The linear properties of electrical synapses found in this study are consistent with previous data involving connexin36-mediated electrical communication. First, the directional symmetry of current flow and the relative voltage independence of the electrical synapses are similar to observations from cell lines transfected with connexin36 (Teubner et al. 2000). Second, electrical synaptic communication between cortical inhibitory neurons is linear and symmetric over a range of ±40 mV when tested with step-current injections (Galarreta and Hestrin 1999; Gibson et al. 1999). Third, gap junctions between FS neurons of layer 2/3 are located in proximal portions of the dendrite (Tamas et al. 2000), and this makes it unlikely that propagating action potentials in the dendrites would be able to influence signaling significantly (Goldberg et al. 2003; Kaiser et al. 2001; Martina et al. 2000). Our estimates of synapse location based on compartmental modeling are also consistent with this conclusion.
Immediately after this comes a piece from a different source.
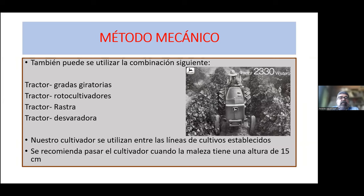El método mecánico se puede basar en la utilización de diferentes equipos o implementos: tractor con gradas giratorias, rotocultivadores, rastra, o desvaradora. En el caso de este cultivador que desarrollamos, se utiliza entre las líneas de los cultivos establecidos. Cuando sembramos un cultivo en hileras, entre las líneas de las plantas podemos arrastrar el cultivador para eliminar la maleza. Es muy importante que la maleza se elimine en las primeras etapas de crecimiento. Se considera vital que durante los primeros 35 a 40 días el cultivo esté libre de malezas. La altura ideal para eliminar la maleza por este implemento es de alrededor de 15 centímetros.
Linearity accounted for most of the variance in a 20-ms window around the ePSP in both FS and LTS cells (POVs of 87 and 83% for individual ePSPs), although we found that a linear process was less accurate in predicting the early peak of the FS ePSP when compared with that of the LTS–ePSP. This probably originates from the filtering of higher frequencies that is not accounted for in our methods. Higher frequencies exist in FS signaling because of their very fast spikes (0.36- vs. 0.56-ms half-widths for FS and LTS, respectively; Beierlein et al. 2003). Transfer functions based on experimental data included only frequencies 500 Hz, and therefore error may have resulted by not including higher frequencies. Consistent with this, the model prediction for the early peak of canonical FS–ePSPs was improved when we used impulse functions that were extrapolated 2000 Hz. Any remaining error may be attributable to greater micropipette filtering than we estimated. Because of this error, we cannot exclude the possibility of nonlinear effects on the early FS–ePSP peak but, if this occurs, it still contributes less than the linear component.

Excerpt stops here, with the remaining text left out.